**Try it**
Your job with the data below: print everything from the line that holds "man and woman" down to the line that holds "DASITON Large Capacity", ends included, exactly, and nothing else.

○ ○ ○ ○ ○ ○ ○

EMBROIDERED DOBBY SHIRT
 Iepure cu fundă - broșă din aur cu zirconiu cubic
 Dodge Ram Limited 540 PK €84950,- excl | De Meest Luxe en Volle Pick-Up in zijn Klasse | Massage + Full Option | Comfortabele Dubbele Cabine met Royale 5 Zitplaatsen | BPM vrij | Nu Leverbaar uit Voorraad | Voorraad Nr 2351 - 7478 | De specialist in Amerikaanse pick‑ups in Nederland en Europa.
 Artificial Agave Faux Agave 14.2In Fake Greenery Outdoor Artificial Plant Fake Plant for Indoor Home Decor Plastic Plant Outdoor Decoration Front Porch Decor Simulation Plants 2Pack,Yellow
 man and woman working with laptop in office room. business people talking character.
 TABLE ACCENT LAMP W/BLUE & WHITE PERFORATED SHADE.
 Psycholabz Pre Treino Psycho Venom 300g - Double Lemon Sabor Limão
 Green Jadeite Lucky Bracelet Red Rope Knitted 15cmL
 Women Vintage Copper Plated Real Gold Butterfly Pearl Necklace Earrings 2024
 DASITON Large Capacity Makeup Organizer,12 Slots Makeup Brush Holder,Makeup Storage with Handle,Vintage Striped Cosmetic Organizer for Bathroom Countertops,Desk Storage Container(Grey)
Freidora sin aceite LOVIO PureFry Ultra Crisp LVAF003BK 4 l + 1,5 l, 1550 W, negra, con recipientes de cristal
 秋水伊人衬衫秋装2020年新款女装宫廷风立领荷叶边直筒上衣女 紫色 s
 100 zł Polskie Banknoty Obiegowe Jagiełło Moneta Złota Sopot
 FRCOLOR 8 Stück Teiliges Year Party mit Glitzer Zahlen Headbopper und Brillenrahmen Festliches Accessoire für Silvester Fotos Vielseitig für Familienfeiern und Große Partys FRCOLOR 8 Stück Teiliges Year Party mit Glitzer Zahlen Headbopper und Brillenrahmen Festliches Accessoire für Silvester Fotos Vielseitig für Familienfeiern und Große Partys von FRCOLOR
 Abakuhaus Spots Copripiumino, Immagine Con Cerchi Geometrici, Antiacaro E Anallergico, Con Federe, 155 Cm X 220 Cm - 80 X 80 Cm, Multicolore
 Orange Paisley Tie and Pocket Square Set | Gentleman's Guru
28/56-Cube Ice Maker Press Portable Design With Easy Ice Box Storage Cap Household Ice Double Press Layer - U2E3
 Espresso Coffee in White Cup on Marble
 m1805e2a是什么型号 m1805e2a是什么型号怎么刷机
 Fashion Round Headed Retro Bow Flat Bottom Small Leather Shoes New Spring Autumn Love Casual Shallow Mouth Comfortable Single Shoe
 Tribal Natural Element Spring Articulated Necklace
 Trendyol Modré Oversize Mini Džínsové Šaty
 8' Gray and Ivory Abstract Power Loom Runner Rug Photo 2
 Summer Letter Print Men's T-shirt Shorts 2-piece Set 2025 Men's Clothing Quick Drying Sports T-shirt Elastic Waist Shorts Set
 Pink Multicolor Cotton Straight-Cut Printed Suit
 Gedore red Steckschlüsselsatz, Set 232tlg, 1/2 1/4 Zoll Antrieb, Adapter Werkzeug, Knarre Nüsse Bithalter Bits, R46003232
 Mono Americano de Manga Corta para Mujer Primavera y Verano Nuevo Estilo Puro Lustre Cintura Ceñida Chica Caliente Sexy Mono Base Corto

○ ○ ○ ○ ○ ○ ○

**Solved problem**
 man and woman working with laptop in office room. business people talking character.
 TABLE ACCENT LAMP W/BLUE & WHITE PERFORATED SHADE.
 Psycholabz Pre Treino Psycho Venom 300g - Double Lemon Sabor Limão
 Green Jadeite Lucky Bracelet Red Rope Knitted 15cmL
 Women Vintage Copper Plated Real Gold Butterfly Pearl Necklace Earrings 2024
 DASITON Large Capacity Makeup Organizer,12 Slots Makeup Brush Holder,Makeup Storage with Handle,Vintage Striped Cosmetic Organizer for Bathroom Countertops,Desk Storage Container(Grey)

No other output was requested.